Pn=C−Si/2+Mn/20+Cr/20+Nb/2+V/10・・・・(1)式
ここで、(1)式中の元素記号は、それぞれの元素の鋼中含有量(質量%)を意味する。
(2) Feの一部に代えて、さらに質量%で、Ca:0.01%以下及びREM:0.02%以下のうちの1種又は2種を含有することを特徴とする、上記(1)のラインパイプ用鋼材。
(3) Feの一部に代えて、さらに質量%で、Mg:0.008%以下を含有することを特徴とする、上記(1)又は(2)のラインパイプ用鋼材。

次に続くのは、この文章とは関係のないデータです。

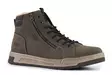 36033-24 - Men's ankle boots and boots - 141877 - 1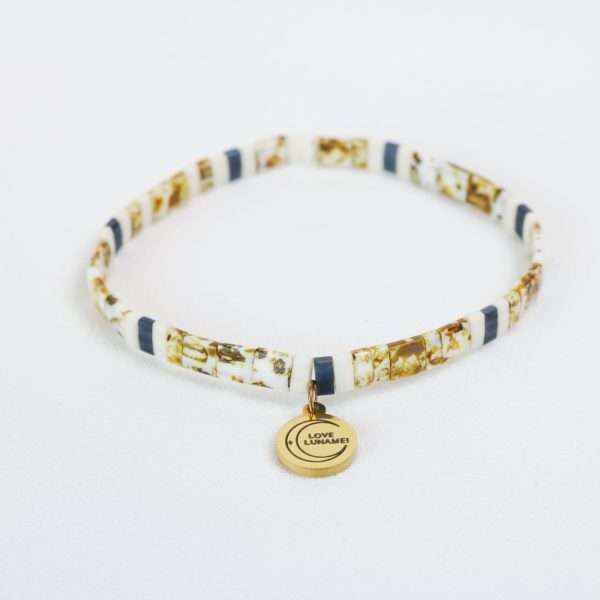 Love Lunamei  Love Bracelet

(4) 質量%で、C:0.06〜0.09%、Si:0.26%を超えて0.60%以下、Mn:1.3〜1.9%、Cr:0.01〜0.60%、V:0.001〜0.09%、Nb:0.001〜0.09%、Ti:0.005〜0.024%及びsol.Al:0.005〜0.060%を含有し、残部はFeおよび不純物からなり、不純物としてのP:0.020%以下、S:0.004%以下、Cu:0.05%以下、Ni:0.05%以下、Mo:0.05%以下、B:0.0005%以下、N:0.007%以下及びO:0.005%以下であり、下記(1)式から求められるPn値が0.140以下である化学組成を有する鋼片または鋼塊を用いて、加熱、圧延及び加速冷却を行い、下記(2)式から求められるPyr値が76.0以下であることを特徴とするラインパイプ用鋼材の製造方法。
Pn=C−Si/2+Mn/20+Cr/20+Nb/2+V/10・・・・(1)式
ここで、(1)式中の元素記号は、それぞれの元素の鋼中含有量(質量%)を意味する。
Pyr=56.0−1.65Si+104Nb+0.000648(Ts−320)・・・(2)式
ここで、(2)式中の元素記号(SiおよびNb)は、それぞれの元素の鋼中含有量(質量%)を意味し、そして、Tsは加速冷却停止温度(℃)を意味する。
(5) Feの一部に代えて、さらに質量%で、Ca:0.01%以下及びREM:0.02%以下のうちの1種又は2種を含有することを特徴とする、上記(4)のラインパイプ用鋼材の製造方法。
(6) Feの一部に代えて、さらに質量%で、Mg:0.008%以下を含有することを特徴とする、上記(4)又は(5)のラインパイプ用鋼材の製造方法。
本発明に係るラインパイプ用鋼材は、靱性、溶接性に優れており、かつ低YRであるため、高い変形性能が要求されるラインパイプの素材として好適である。また、このラインパイプ用鋼材は本発明に係る製造方法により、比較的容易に製造することができる。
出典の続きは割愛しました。